_EXERCISE OBJECTIVE_:
Set down the data below from its first line to the line holding "NSF I-corps spring", inclusive; omit all pictures.

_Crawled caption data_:
*-*-*

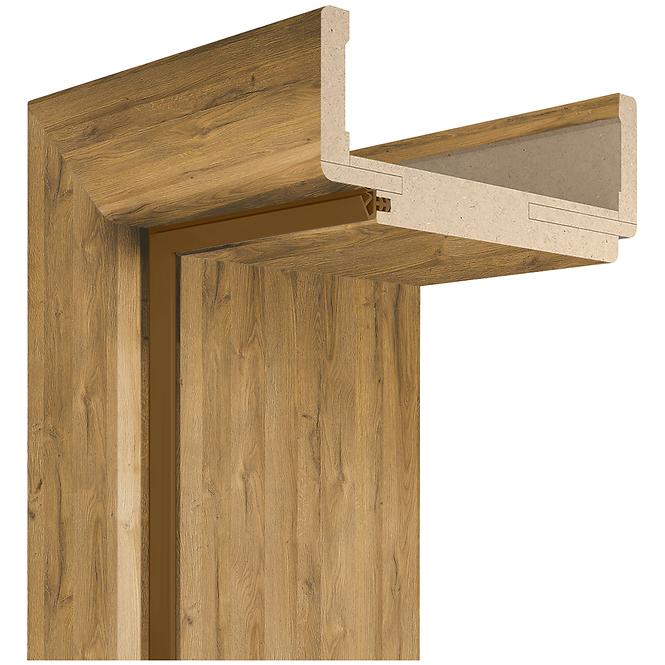 Türrahmen 90L 100-140 eiche grandson natur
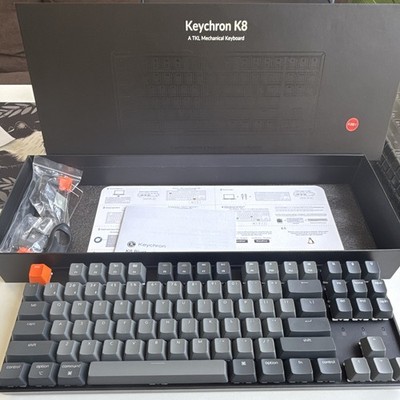 Keychron K8 TKL Bluetooth Wireless Mechanical Keyboard Gray Black Orange English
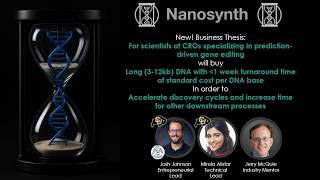 NSF I-corps spring cohort 3 Team 4574: Nanosynth Lessons Learned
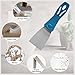 Silicone Caulking Tool Kit, Caulk Remover Tool, Putty Knife Scraper, 3 Glass Glue Corner Scrapers, Grout Removal Tool with Stainless Steel Head for Kitchen Bathroom and Window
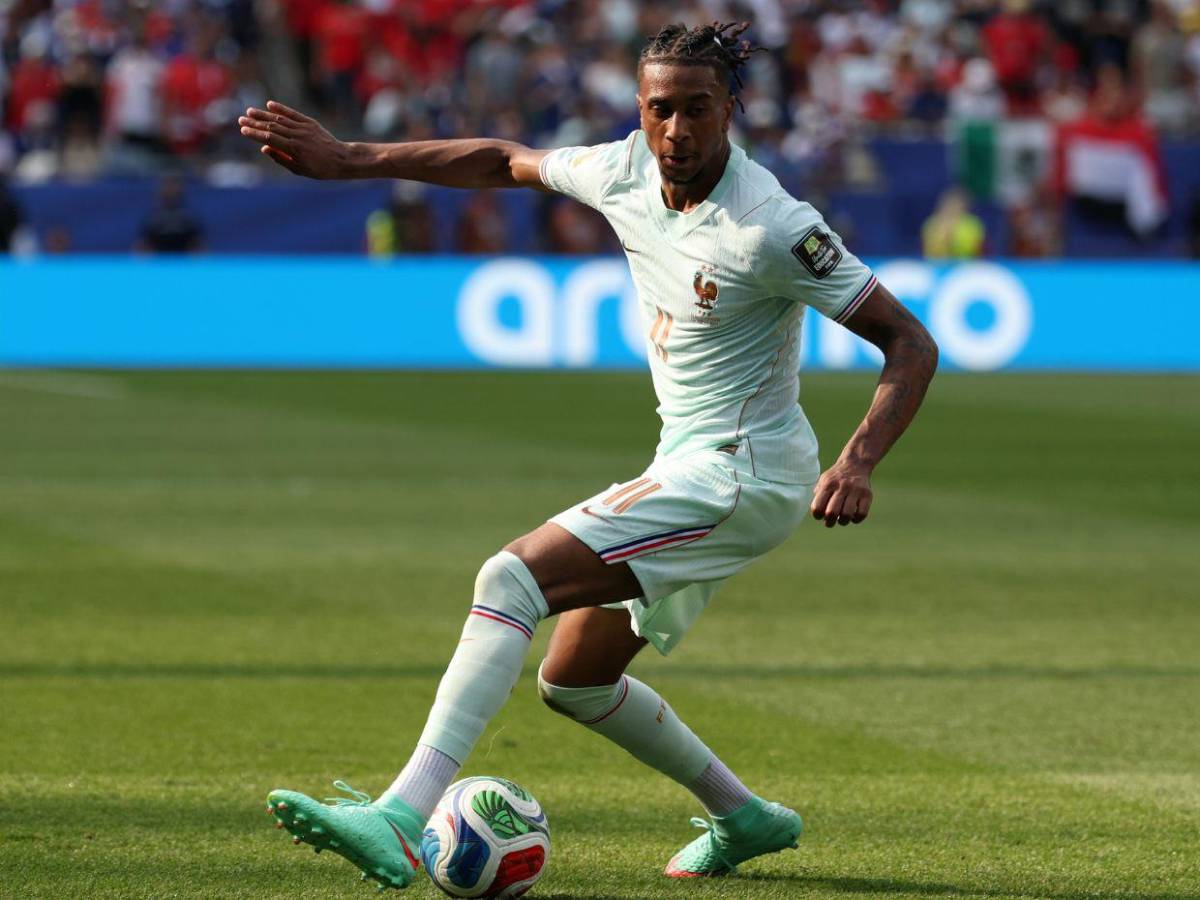 El lindo gesto de Michael Olise con una fotógrafa en la previa del España vs. Francia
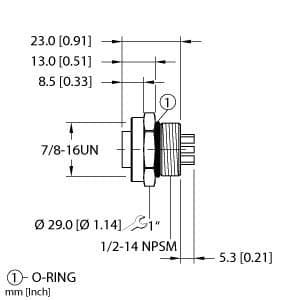 RKFL 66 Part Image. Manufactured by Turck.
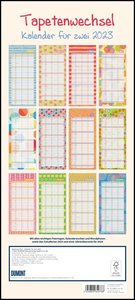 Tapetenwechsel 2023 - Kalender für zwei - Notizkalender - Partner-Planer - Format 22 x 49,5 cm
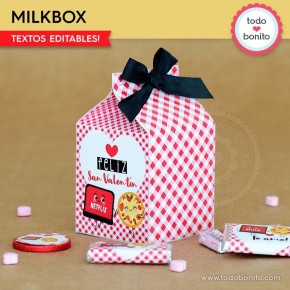 Netflix y Pizza: milkbox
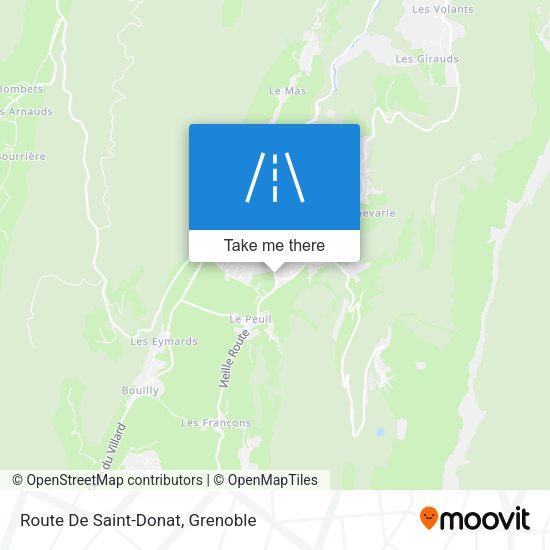 Route De Saint-Donat map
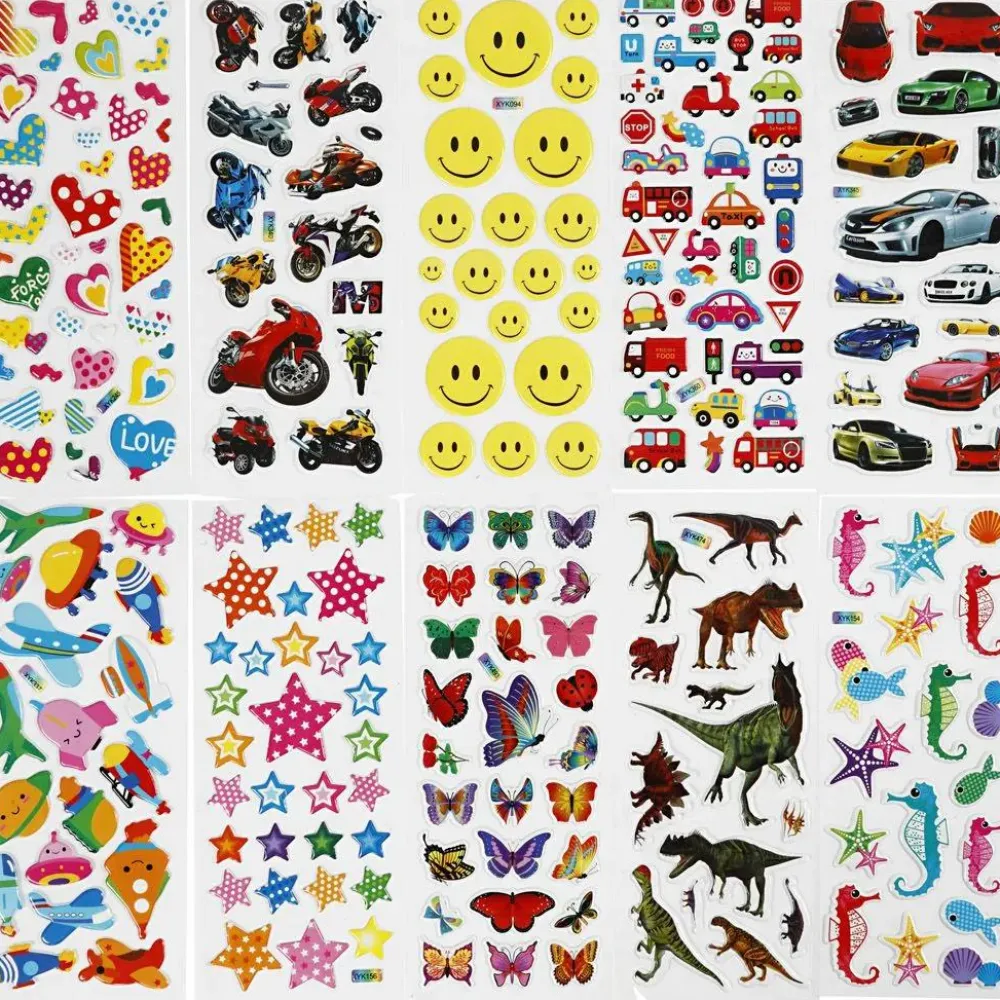 Sale Creativ Company Klistermærker (ass.), 20 ark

*-*-*

_PROBLEM SOLUTION_:
 Türrahmen 90L 100-140 eiche grandson natur
 Keychron K8 TKL Bluetooth Wireless Mechanical Keyboard Gray Black Orange English
 NSF I-corps spring cohort 3 Team 4574: Nanosynth Lessons Learned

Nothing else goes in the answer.